It has almost been ten years since the 2007 “Credit Crunch” expanded into the worst recession since the Second World War one year later. What began as a run on Northern Rock led to some of Britain’s largest banks like Lloyds and the Royal Bank of Scotland being bailed out by taxpayers. Across the Atlantic, we witnessed banking giant Lehman Brothers collapse.

The impact the recession had on the wider economy was profound. To try and attract customers threatened with unemployment and sinking house prices, Tesco’s sales margin in 2008 was damaged by their bid to enlarge their consumer base. That year, the retail giant reported that their third quarter like-for-like sales growth was just 1.9 per cent, its worst performance since the last fiscal crisis to disrupt the UK economy. That event was Black Wednesday in September 1992, which witnessed the then chancellor, Norman Lamont, pull Britain out of the precursor to the euro, the European Rate Mechanism.

Generally, the retail sector experienced mixed effects after the 2007 “Credit Crunch.” Aldi’s sales expanded by 20.7 per cent following the Northern Rock bailout and Lidl witnessed its sales increase by 12.8 per cent. It also led to consumers changing their spending habits. Stores like Poundland delivered record sales at the end of March 2009, grossing £395 million in sales compared to their total the previous year of £330 million. They also benefitted from a 22 per cent increase in their share of AB socio-demographic shoppers, as middle-class families turned to bargains to save money.

The Labour government of the time attempted to keep the economy afloat by injecting money into the economy through quantitative easing. The Bank of England cut interest rates to 0.5 per cent to try and encourage consumers to spend more money. The Coalition government which succeeded it withdrew £6 billion from the economy in 2010. They also increased VAT from 15 per cent to 20 per cent to increase its revenue.
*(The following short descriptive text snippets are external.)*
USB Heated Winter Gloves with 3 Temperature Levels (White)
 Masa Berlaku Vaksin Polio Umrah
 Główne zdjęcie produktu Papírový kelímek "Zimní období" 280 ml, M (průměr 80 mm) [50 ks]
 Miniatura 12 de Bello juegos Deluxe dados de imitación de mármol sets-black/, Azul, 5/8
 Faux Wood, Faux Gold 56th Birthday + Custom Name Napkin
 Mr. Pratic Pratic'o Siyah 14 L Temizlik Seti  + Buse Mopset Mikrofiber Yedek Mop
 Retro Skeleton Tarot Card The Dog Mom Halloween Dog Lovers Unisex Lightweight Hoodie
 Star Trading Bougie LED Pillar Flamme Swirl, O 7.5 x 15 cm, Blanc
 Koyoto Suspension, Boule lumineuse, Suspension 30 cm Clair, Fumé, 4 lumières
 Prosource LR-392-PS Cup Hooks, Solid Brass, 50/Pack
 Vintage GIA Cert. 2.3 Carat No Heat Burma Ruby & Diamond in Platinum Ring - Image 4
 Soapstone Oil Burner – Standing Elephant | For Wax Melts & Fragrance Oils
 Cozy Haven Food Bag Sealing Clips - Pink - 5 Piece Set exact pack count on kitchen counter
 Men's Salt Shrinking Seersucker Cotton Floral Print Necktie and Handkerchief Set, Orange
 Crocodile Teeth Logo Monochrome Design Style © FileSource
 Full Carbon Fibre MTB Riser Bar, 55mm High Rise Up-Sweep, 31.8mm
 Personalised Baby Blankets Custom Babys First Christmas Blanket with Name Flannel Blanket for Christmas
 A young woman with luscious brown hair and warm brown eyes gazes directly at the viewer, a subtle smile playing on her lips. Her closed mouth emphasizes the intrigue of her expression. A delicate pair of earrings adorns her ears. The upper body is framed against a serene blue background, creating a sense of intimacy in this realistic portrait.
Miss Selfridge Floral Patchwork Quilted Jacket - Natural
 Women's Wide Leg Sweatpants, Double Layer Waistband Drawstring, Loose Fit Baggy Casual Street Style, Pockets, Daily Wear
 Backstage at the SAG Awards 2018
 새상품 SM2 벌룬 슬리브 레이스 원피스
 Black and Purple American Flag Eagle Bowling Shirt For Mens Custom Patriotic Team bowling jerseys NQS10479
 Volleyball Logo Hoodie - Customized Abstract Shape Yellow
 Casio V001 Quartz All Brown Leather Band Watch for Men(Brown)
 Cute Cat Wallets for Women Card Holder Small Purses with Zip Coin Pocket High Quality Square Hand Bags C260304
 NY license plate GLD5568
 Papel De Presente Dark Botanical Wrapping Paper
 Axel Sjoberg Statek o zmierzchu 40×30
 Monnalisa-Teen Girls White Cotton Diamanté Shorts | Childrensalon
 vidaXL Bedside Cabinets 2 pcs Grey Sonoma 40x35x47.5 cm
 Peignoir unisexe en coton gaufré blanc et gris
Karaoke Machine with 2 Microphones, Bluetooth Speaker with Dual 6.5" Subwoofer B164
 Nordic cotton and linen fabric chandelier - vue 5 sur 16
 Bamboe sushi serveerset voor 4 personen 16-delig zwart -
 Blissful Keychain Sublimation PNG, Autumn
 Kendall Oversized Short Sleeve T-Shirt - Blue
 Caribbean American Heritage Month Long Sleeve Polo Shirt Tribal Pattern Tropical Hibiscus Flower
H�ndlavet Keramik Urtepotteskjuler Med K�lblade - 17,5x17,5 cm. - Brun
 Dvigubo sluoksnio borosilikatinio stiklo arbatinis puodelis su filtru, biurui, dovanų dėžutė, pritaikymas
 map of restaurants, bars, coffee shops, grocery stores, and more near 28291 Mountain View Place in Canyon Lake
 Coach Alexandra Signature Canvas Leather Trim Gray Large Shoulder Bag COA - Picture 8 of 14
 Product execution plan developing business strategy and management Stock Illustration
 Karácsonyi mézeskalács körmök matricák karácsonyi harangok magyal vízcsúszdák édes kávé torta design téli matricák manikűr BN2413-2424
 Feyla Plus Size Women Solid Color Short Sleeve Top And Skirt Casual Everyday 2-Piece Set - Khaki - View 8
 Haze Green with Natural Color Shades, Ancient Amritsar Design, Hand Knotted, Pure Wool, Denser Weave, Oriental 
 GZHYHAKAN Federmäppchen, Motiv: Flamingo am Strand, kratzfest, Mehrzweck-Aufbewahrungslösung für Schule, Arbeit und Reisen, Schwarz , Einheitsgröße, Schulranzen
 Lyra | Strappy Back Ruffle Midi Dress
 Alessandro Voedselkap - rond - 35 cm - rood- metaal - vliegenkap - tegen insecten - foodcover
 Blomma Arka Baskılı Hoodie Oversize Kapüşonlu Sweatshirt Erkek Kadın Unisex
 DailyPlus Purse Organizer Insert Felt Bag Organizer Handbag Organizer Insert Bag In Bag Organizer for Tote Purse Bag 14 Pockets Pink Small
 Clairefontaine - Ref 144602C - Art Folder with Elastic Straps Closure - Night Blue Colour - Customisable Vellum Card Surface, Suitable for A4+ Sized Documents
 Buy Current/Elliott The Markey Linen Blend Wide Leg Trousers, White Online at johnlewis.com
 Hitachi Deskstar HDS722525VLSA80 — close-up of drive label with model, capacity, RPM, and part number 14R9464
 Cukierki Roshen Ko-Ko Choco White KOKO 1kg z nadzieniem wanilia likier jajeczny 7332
Five to six years after the “Credit Crunch”, the economy started to grow again thanks to a rise in retail sales. The London Olympic Games of 2012 and the Queen’s Golden Jubilee experienced a rise in tourism which helped provide the City with a financial boost. By March 2013, retail sales increased by 2.7 per cent compared to the previous year. Disposable income rose due to George Osborne’s introduction of a tax-free allowance for the lowest earners and a cut in fuel duty. Demand for electrical goods like tablets and smart phones soared. Online retail sales rose by 10 per cent.

Despite the Bank of England’s warnings that Brexit will create uncertainty, the economy has managed to avert another recession. Mr. Osborne warned that would happen if the country opted to leave the European Union in 2016. The pound may have sunk to its lowest level since 1985 following the vote, but the economy has steadily grown. The FTSE 100 rose by 16 per cent following the vote and the FTSE 250 expanded by 11 per cent. UK exports and imports both grew by £400 million and £300 million respectively. British firms like HSBC, BP, Next and even the Royal Bank of Scotland have recently reported that their sales figures have grown. Amazon and Snapchat have both announced they will be enlarging their UK operations.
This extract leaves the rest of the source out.